El olvido en el que se encuentra la persona y la obra de Camilo José Cela constituye una de las pruebas más claras de que por mucho que una persona se empeñe en hacerse imprescindible y en querer ser recordado a cualquier precio, el paso del tiempo, incluso breve, puede trastocar en unos pocos años lo planeado durante una vida entera.

Desde hace algún tiempo Cela es un autor que no se lee, un escritor cuyos libros nunca están en el lugar que deberían en cualquier librería española dada la importancia que tuvo CJC durante más de la mitad del siglo XX. No se escriben ensayos sobre su vida y obra al revés que, por ejemplo, la mayor parte de los escritores que formaron la generación del 98 o del 27, de los que en los últimos años se han publicado numerosos estudios.
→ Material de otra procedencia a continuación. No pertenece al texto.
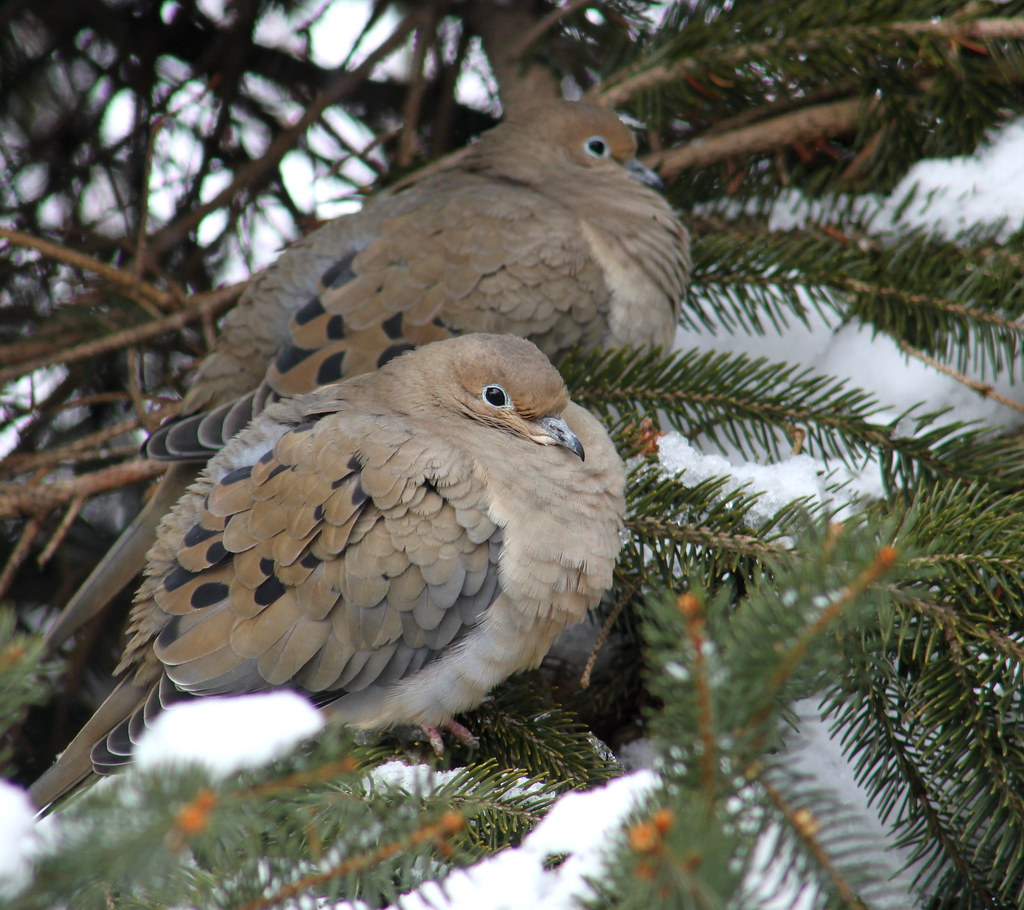 Two Mourning Doves DIsnowshoe Flickr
Nadie se acuerda de Cela. En realidad, una de las cosas por las que más se le recuerda es por haber sido el artífice de las famosa revista Papeles de Son Armadans, una revista literaria editada en los años 50 que contó con las mejores plumas del momento, las del exilio y las que se quedaron en España. Tuvo Cela el acierto y la capacidad para convencer a todos aquellos escritores de la necesidad de crear un lugar en el que, desde un punto de vista literario al menos, los españoles comenzaran a relacionarse, quizá a unirse, tras el desastre de la Guerra Civil española y el erial que vino después.

El estilo literario de CJC, ha dicho Andrés Trapiello, fue una mezcla de los escritores que más admiraba, de Azorín, de Baroja y, sobre todo, de Valle Inclán, pero en ningún caso llegó a acercarse. Representaba Cela a esa España cerril de los años 40 y 50, cuando las pensiones olían a coliflor y los curas vestían sotana, y sus libros resumen el ambiente en que vivía la mayor parte de la población española, una sociedad aislada del resto de Europa, donde las mujeres habían perdido las libertades que la República les dio.

Su corpulencia y su voz, de una rudeza impostada, que se reflejaban en sus libros, libros plagados de personajes huérfanos de un padre que nunca les comprendió porque no creía en ellos, constituyeron parte de ese personaje que se fue creando a sí mismo y que tuvo como colofón la entrega del premio Nobel en 1989, premio que estuvo a punto de serle negado por el descubrimiento en 1980 de una carta firmada por él mismo en la que en 1940 se ofrecía a los ganadores de la guerra para delatar a todos los «escritores rojos» que conocía desde antes de 1936, vergonzosa misiva de la que nunca se justificó pero que gracias a la intervención del Rey pudo eludirse.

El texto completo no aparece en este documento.